If you’re not familiar with Haskell, check it out. This isn’t an introductory type post so it might not be for you, but the language is amazing.

This is a story about setting up end to end (“E2E”, AKA acceptance tests) testing running in Haskell. No well-architected/engineered web application should be devoid of end-to-end testing (I’m guilty of leaving it out or waiting to the last minute too… don’t worry). Here are some questions I asked myself when thinking of how to start with this:

Q: Where should E2E tests go?

A: Near the backend.

Why? E2E necessitates ALL the resources/components (or at least mocked versions) an app needs to run. What I mean by this is that if your app sends emails, you need something to send emails (maybe from some staging environment), something that acts as a temporary/mocked database, etc. Some projects have backend and frontend separated (in different repositories), and for those projects I’d recommend git submodule it’s come a long way and works pretty well these days. This project in particular hasn’t split the front and back ends so they’re pretty close, albeit in separate top level folders (which could easily be git submodules).

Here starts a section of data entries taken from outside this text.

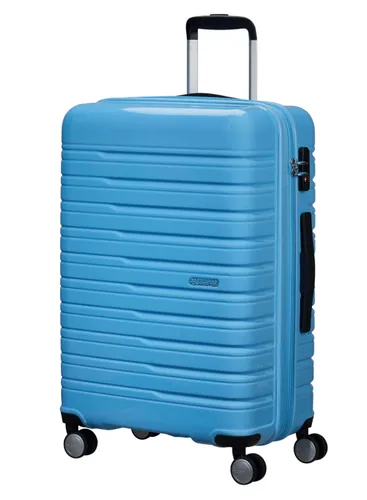 Средний чемодан American Tourister Flashline medium case - cloudy blue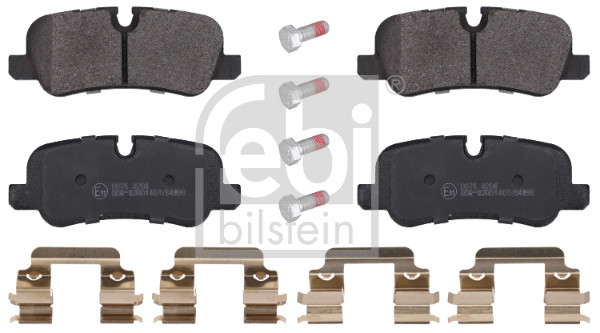 KIT DE PLAQUETTES DE FREIN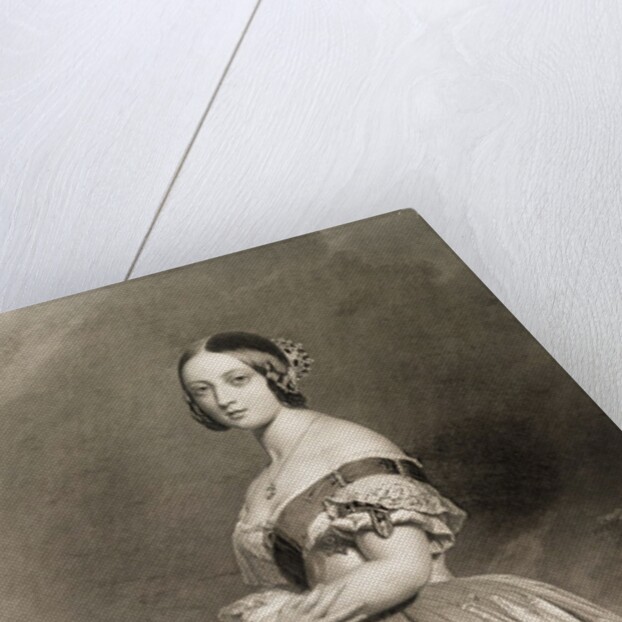 Portrait of Queen Victoria by Francois Forster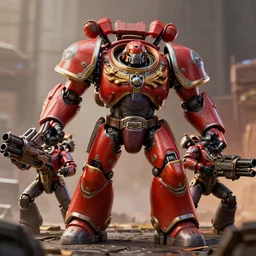 ultra realistic, photo realistic super mutant invasion 7 5 mm, massive over 1 5 feet tall, duel wielding gatling guns, ragnoraking the nypd octane rednering, unreal engine, digital art
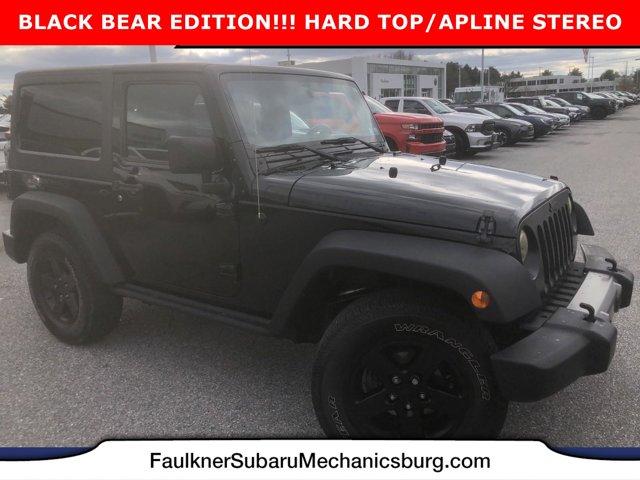 used 2016 Jeep Wrangler car, priced at $18,000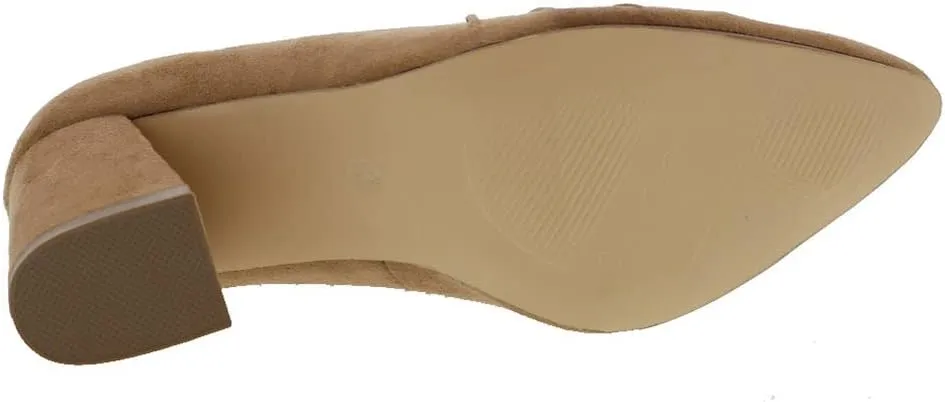 Bellini Vinny Women's Pleated Block Heel Pump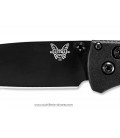 Benchmade BUGOUT FIBRA DE CARBONO negra BEN535BK-2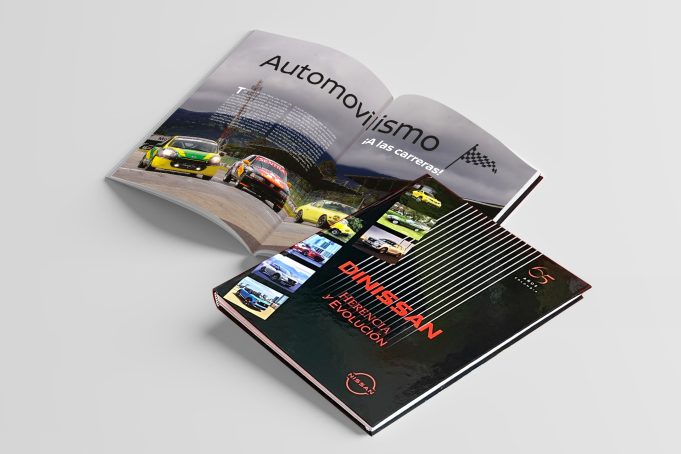 Nissan celebra 65 años en Colombia con un libro histórico: herencia y evolución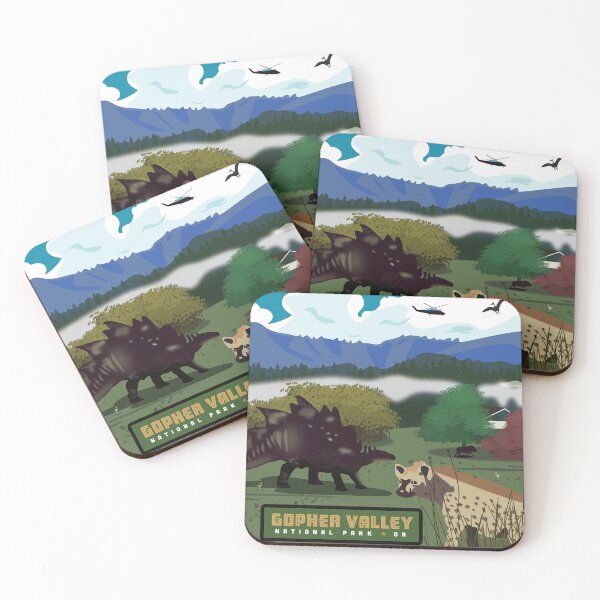 Item preview, Gopher Valley National Park poster designed and sold by Gopherstown, OR.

Q: What about all the JS-based testing?

A: JS-level unit, component, and component-integration level testing should be kept near the frontend

In other words, I don’t think you should be testing your component with an E2E test at the app level. They should go inside the JS repository (technically they’re end to end tests there).

Tests that DO require a backend to run (for example checking if an item listing page loads properly) should probably have mocked backends/objects, but this only works well IMO if you replicate your backend taxonomy on the frontend (frontend models that mimic backend ones). If you don’t replicate the models, then all your mocks will be wrong any second the output of the backend changes. While it might seem like just moving the goalpost, if you have models as an intermediary, the test is less broken, as long as the adapter (usually the model constructor) would still work on the changed output.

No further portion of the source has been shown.